Brazilian coffee farm becomes carbon positive

coffee farm carbon positive

The Santo Antonio, Pinhal, Vertentes, and Mirante farms of Brazilian coffee producers Pedro and Mariana Gabarra have received Carbon Positive status, following a year-long third party assessment and audit of the farm’s carbon emissions.

Carbon positive or ‘free carbon’ means the farms remove more CO2 form the atmosphere than they generate.

“The path we’ve been following for some years, which is to pursue an increasingly sustainable production, is working and bringing good results,” Pedro says.

Pinhal was named the most sustainable farm in Brazil for 2019 by Globo Rural, a respected agricultural publication. To reduce emissions across their farms, the Gabarras use S10 Diesel across their entire vehicle fleet, implemented solar panels to generate clean every, and control and treat liquid waste.

The Wings Project furthers this commitment to the environment. According to Pedro and Mariana, the region is the target of animal traffickers, who cruelly capture animals and smuggle them to other countries, resulting in the suffering and death of 90 per cent of animals captured.

The Wings project rehabilitates up to 250 birds every month, as well as mammals and reptiles. Environmental police apprehend these animals, and after being accessed by veterinarians, are sent to the Pinhal farm for recovery.

The total removal of CO2 was mainly achieved through areas planted with eucalyptus responsible for offsetting 84.42 per cent of emissions.

Existing native forests on Pedro’s land were the second largest source of carbon offset, at 10.92 per cent of the total. In Brazil, it is a legal requirement that coffee farmers preserve at least 20 per cent of natural forestation. Across his four farms, Pedro preserves more than 40 per cent.

Pedro’s coffee plantations were responsible for the remaining 4.66 per cent of carbon offset.

“The idea is to start with small changes then move to larger ones. The first step is to change the mindset in the search for sustainable production,” Pedro says. “Do what is within your reach, in individual and collective attitudes. Then seek partnerships for solutions and be attentive and open for changes.”

Pedro Gabarra’s coffee is available in Australia through Minas Hill Coffee. Mariana Pugliese of Minas Hill Coffee says Pedro’s certification reaffirms why the trader has chosen to partner with the progressive farmer.

“Its important in our industry to make connections that promote transparency, traceability, and sustainability. We’re not only supporting Pedro because his coffee tastes great, but because his values are aligned with ours,” Mariana says. “We’ve seen many Australian roasters work to become carbon neutral and it’s reassuring to see people around the world do the same for their coffee business.
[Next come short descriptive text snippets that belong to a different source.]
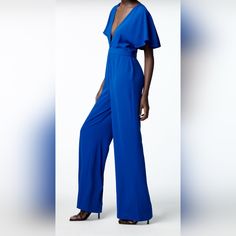 Zara Women’s Long Satin Effect Cobalt Blue Jumpsuit Size Xs Ref 1165/225/829 Blue Summer Pantsuit For Party, Blue Pantsuit For Summer Party, Blue V-neck Jumpsuits And Rompers For Work, Blue Fitted Jumpsuits And Rompers For Work, Chic Blue V-neck Pantsuit, Elegant Fitted Blue Jumpsuits And Rompers, Elegant Blue V-neck Jumpsuits And Rompers, Chic Blue Jumpsuits And Rompers For Evening, Chic Blue Jumpsuit For Evening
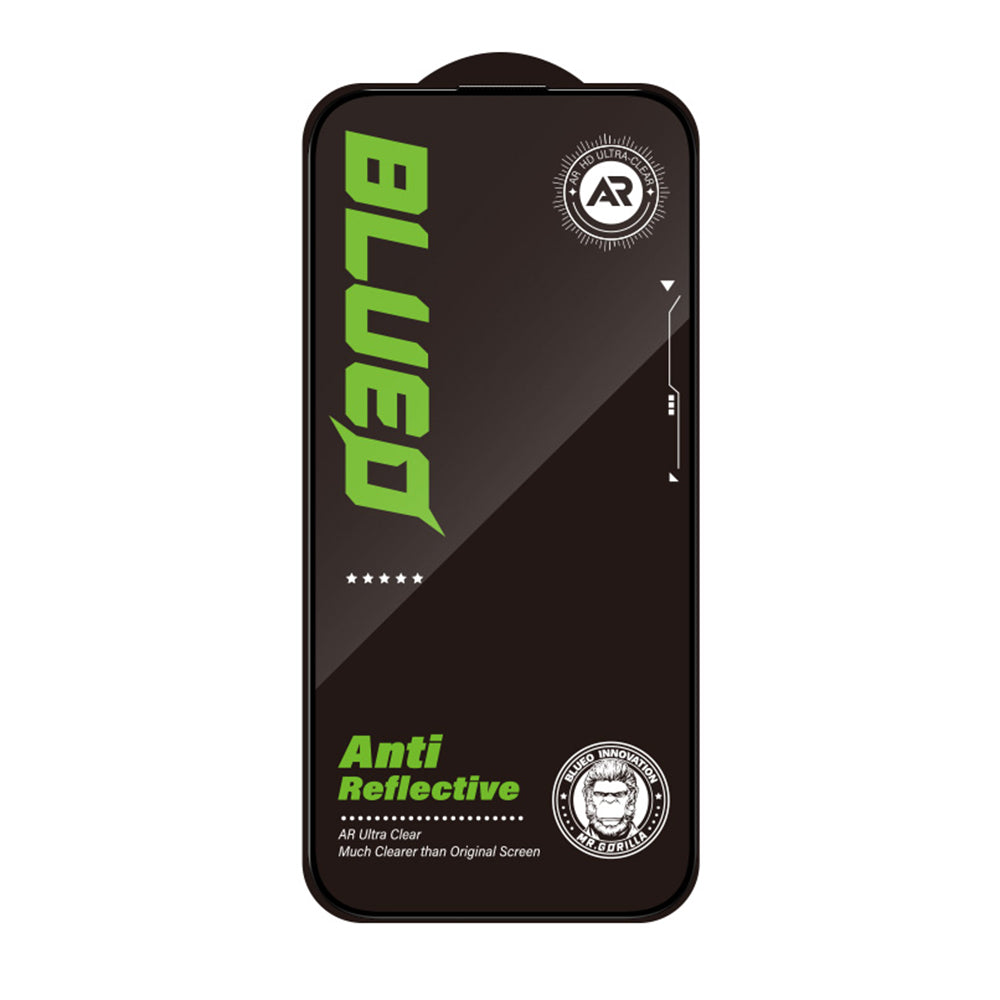 Blueo Anti-Reflective HD Displayschutzfolie für Apple iPhone 14 Pro, gehärtetes Glas, Vollklebung, Schwarz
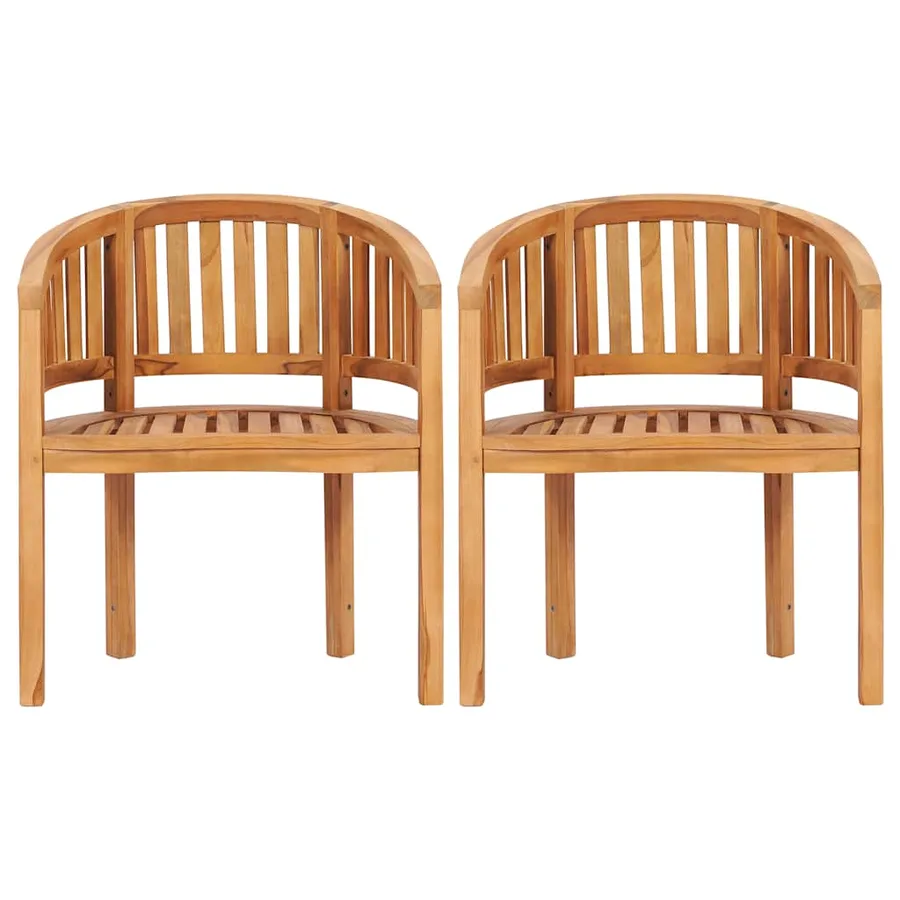 Chaises en forme de banane lot de 2 Bois de teck solide - 4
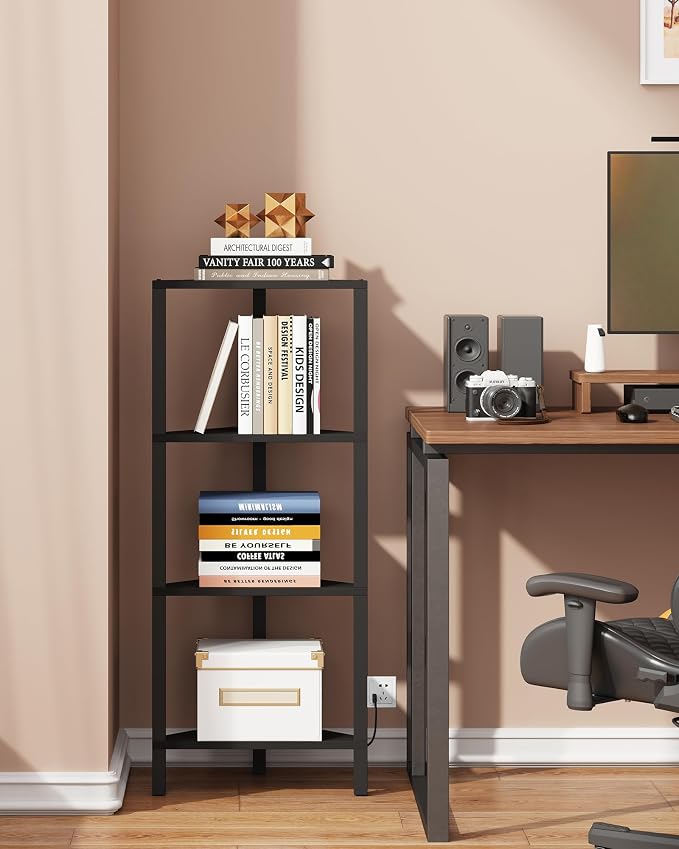 TUTOTAK Corner Shelf, 4-Tier Corner Bookshelf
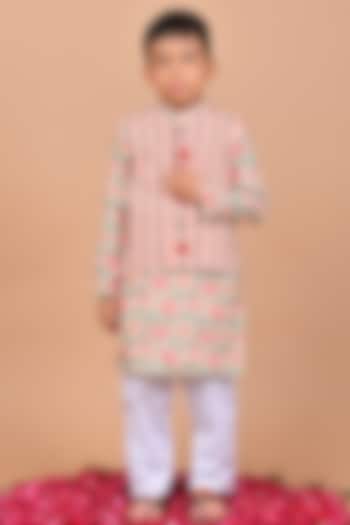 Peach Cotton Crochet Floral Embroidered Nehru Jacket Set For Boys by THE COTTON STAPLE
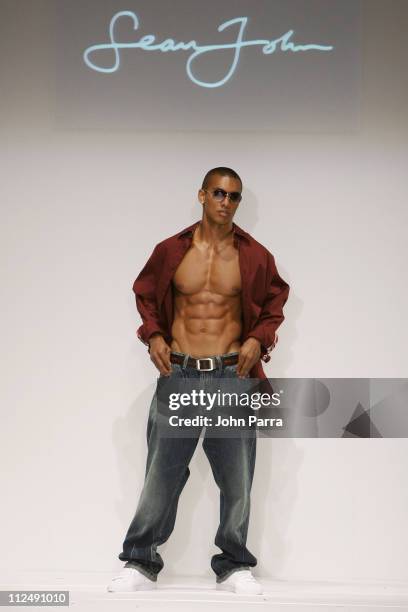 Model wearing Sean John 2005 Collection during Miami Fashion Week Funkshion Fusion 2005 - Sean John - Runway at The Tents at Ocean Drive in Miami...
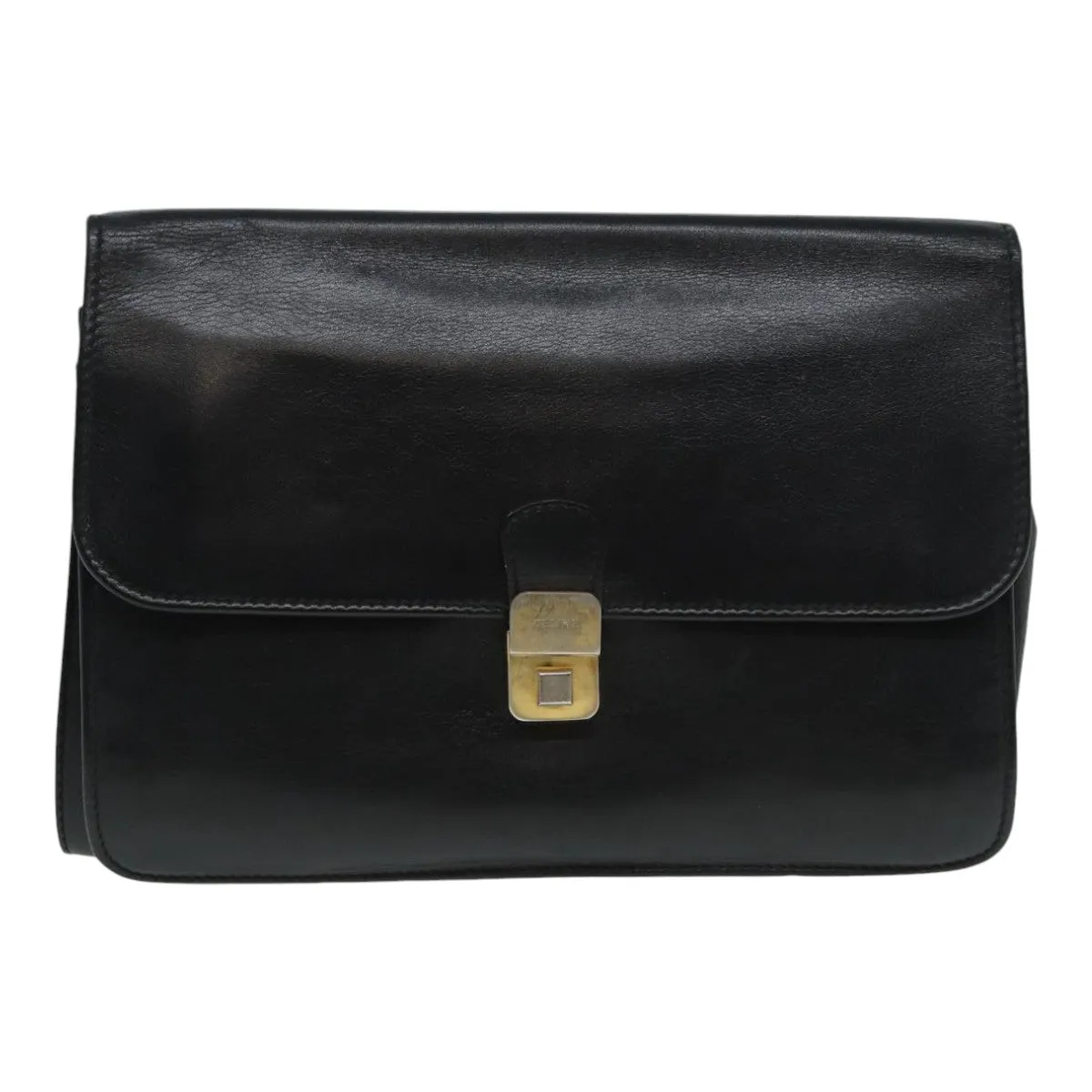 CELINE Clutch Bag Leather Black Gold Auth bs17759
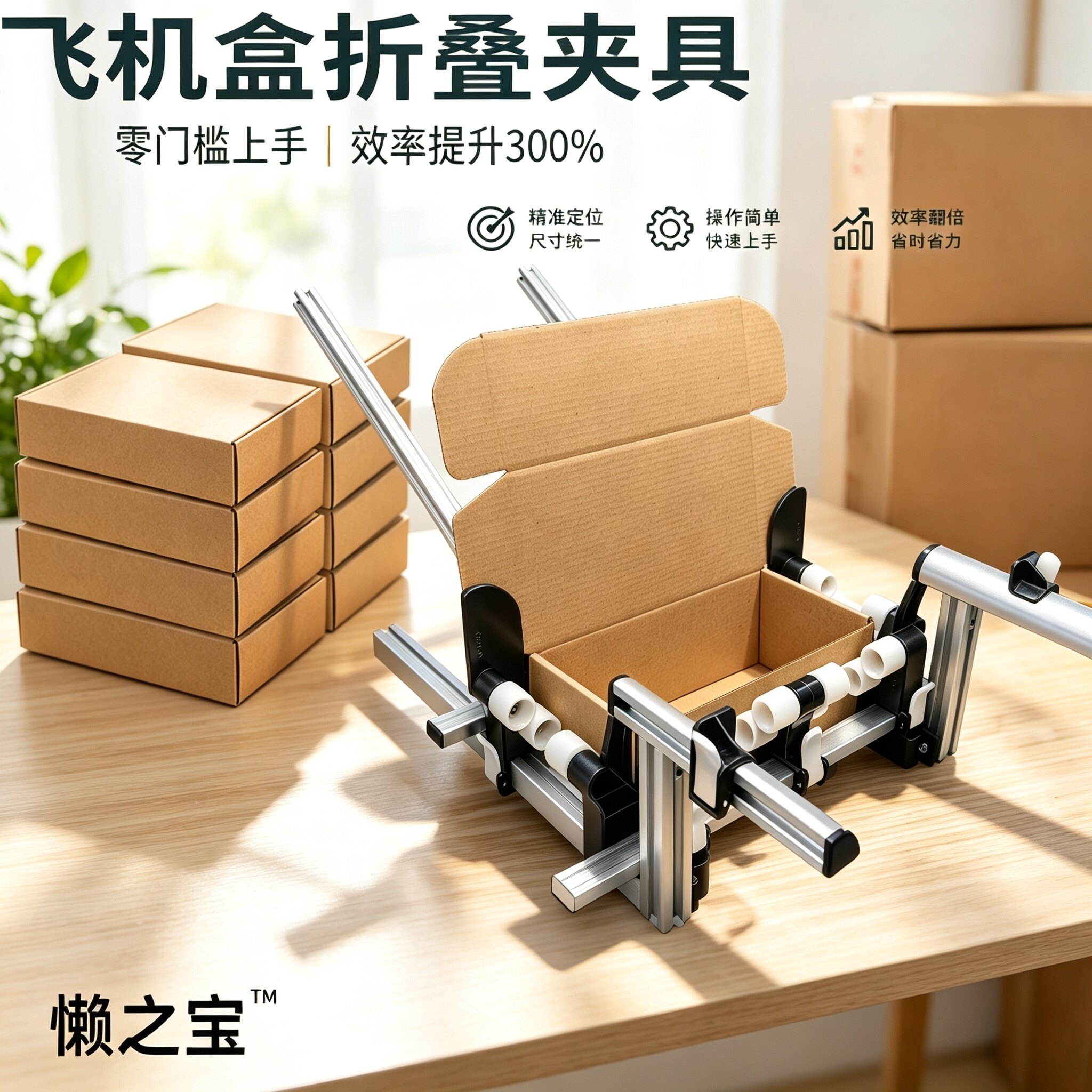 懒之宝飞机盒折叠工具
Minimising emissions is how we can advance and secure our industry for the future.”

Pedro adds that Australian coffee businesses can support farms and producers at origin to improve their carbon footprints by supporting and recognising those that embrace sustainability and traceability.

“Differentiate those producers who work seriously and not only analyse the price of the product,” he says.

“Coffee roasters and cafés can create awareness to the final consumer, so they know exactly where their coffee comes from and value the work being done behind the scenes.